▶ WORK TASK
Without copying any picture, transcribe exactly the lines of the data below from the one containing "Frisch renovierte 4-Zimmer-Wohnung" through the one containing "2 bed property, in Crown Street, £110,000".

▶ DATA

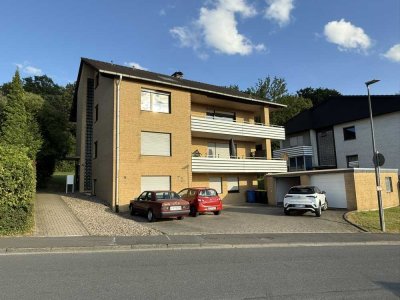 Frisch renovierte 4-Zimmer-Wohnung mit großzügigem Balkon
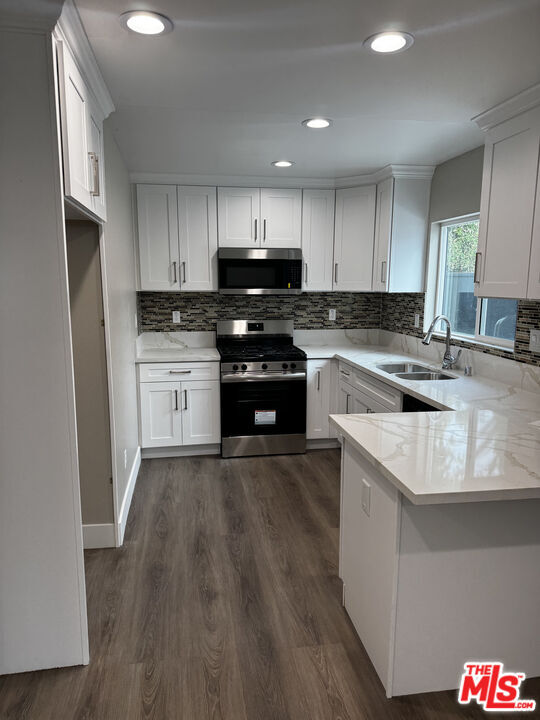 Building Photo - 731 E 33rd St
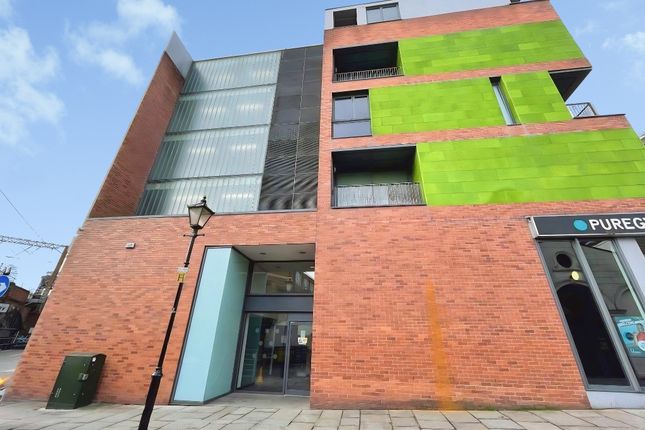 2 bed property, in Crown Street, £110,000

==

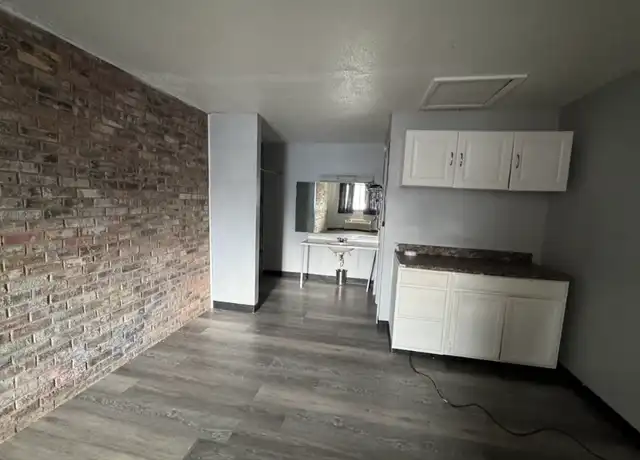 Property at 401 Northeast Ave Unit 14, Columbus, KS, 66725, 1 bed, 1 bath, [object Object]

▶ EXPECTED ANSWER
 Frisch renovierte 4-Zimmer-Wohnung mit großzügigem Balkon
 Building Photo - 731 E 33rd St
 2 bed property, in Crown Street, £110,000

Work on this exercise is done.